Information supplied —
=== Section Start ===

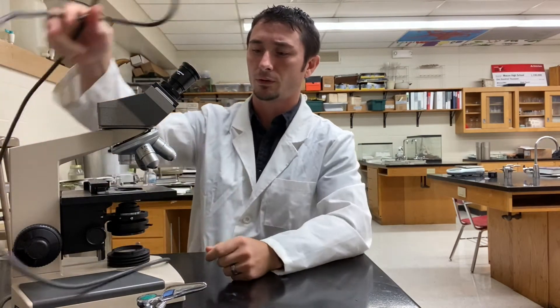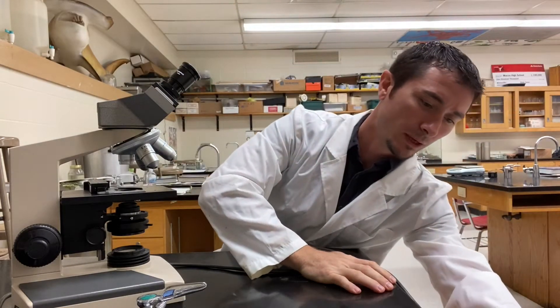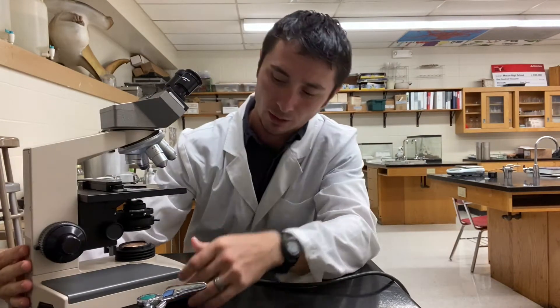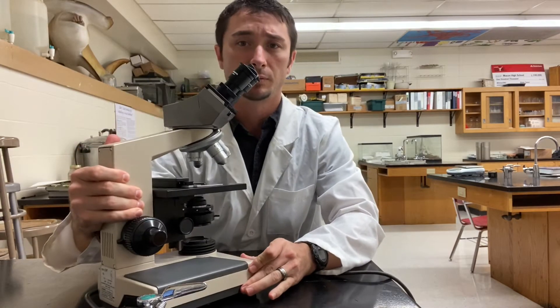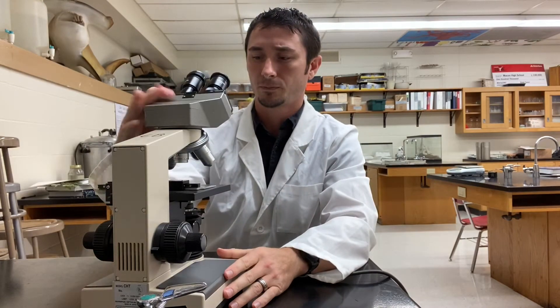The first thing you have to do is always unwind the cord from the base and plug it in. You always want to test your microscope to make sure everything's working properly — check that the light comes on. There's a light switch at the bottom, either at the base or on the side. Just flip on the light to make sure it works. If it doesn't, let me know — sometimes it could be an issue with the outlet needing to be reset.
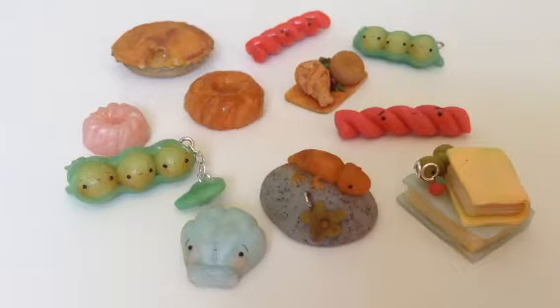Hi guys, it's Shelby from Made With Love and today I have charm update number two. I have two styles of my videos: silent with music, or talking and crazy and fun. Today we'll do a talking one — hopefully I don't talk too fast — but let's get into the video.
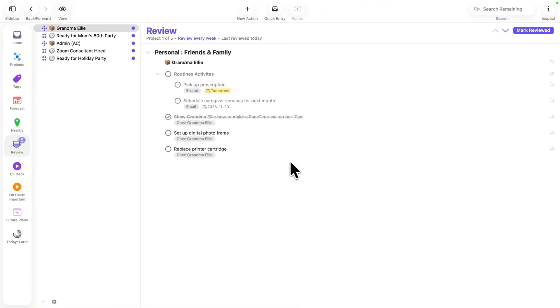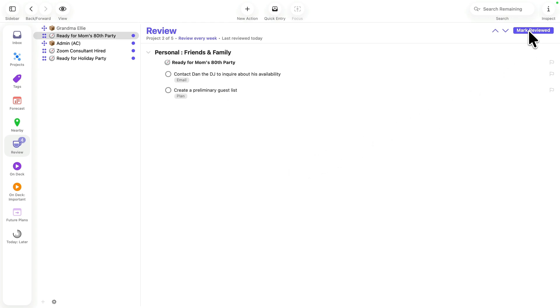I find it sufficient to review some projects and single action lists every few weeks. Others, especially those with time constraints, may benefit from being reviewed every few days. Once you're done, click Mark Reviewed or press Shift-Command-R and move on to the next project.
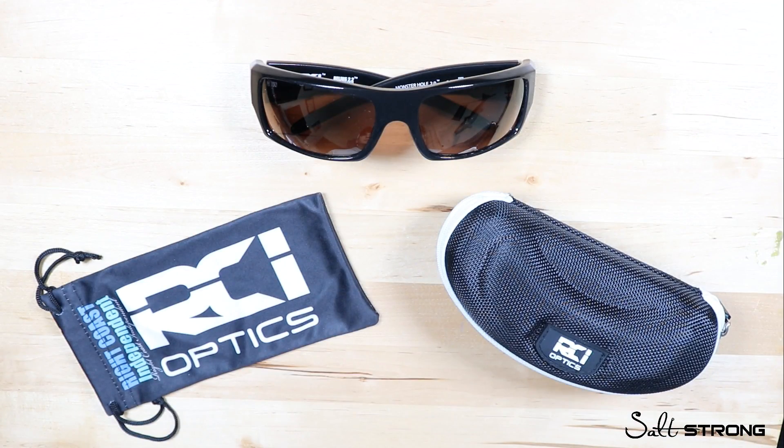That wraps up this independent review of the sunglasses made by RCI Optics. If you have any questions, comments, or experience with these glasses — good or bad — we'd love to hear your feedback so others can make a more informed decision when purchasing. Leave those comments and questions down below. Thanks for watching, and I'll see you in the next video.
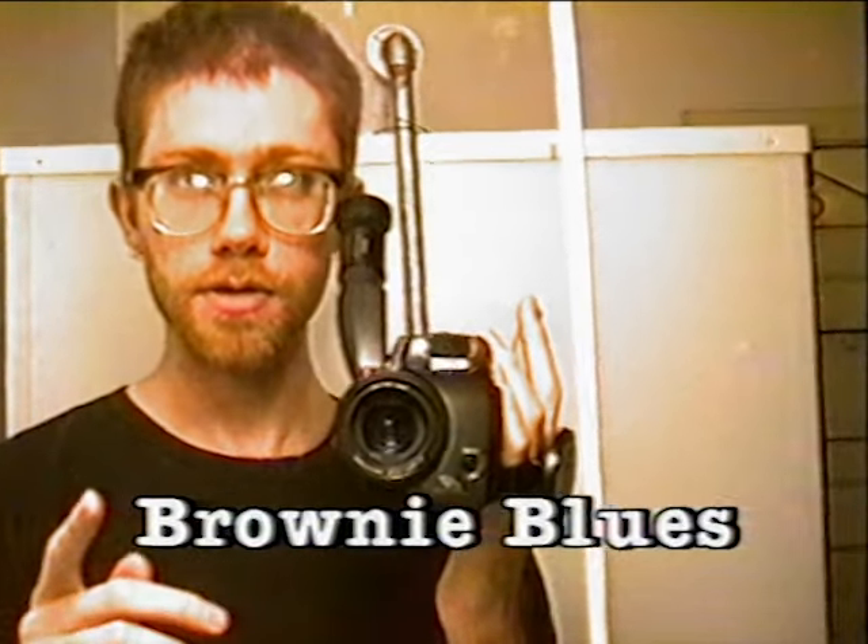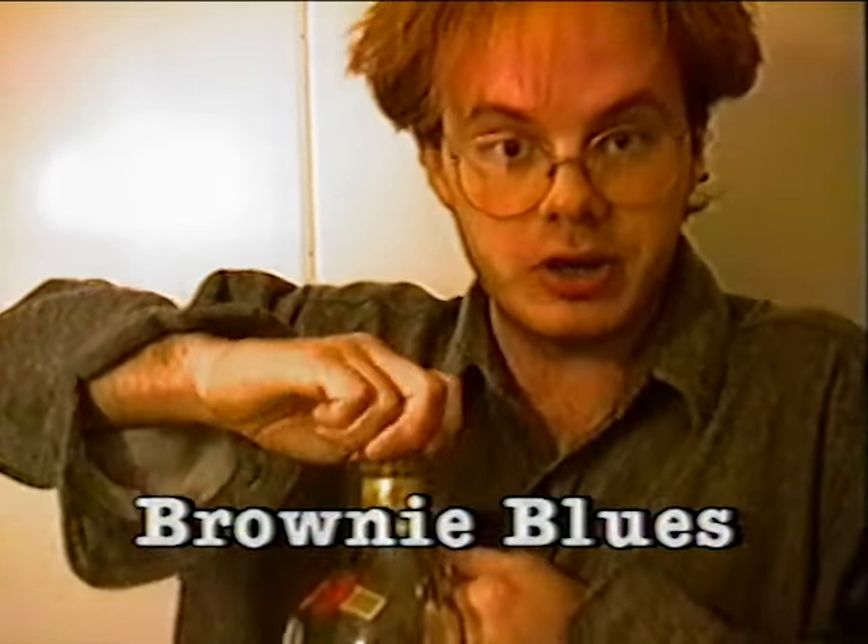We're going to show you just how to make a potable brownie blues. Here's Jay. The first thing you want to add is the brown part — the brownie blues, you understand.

=== Section End ===
=== Section Start ===

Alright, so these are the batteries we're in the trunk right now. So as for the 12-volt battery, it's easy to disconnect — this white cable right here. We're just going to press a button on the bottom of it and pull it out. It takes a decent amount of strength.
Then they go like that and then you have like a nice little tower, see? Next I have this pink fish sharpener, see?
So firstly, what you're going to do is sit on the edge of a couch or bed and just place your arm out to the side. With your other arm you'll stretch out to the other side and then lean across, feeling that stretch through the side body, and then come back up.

=== Section End ===

Copy exactly the part of the material above that opens with the line containing "The first thing you have" and closes with the line containing "I find it sufficient", ends included. Drop the images.

The first thing you have to do is always unwind the cord from the base and plug it in. You always want to test your microscope to make sure everything's working properly — check that the light comes on. There's a light switch at the bottom, either at the base or on the side. Just flip on the light to make sure it works. If it doesn't, let me know — sometimes it could be an issue with the outlet needing to be reset.
Hi guys, it's Shelby from Made With Love and today I have charm update number two. I have two styles of my videos: silent with music, or talking and crazy and fun. Today we'll do a talking one — hopefully I don't talk too fast — but let's get into the video.
I find it sufficient to review some projects and single action lists every few weeks. Others, especially those with time constraints, may benefit from being reviewed every few days. Once you're done, click Mark Reviewed or press Shift-Command-R and move on to the next project.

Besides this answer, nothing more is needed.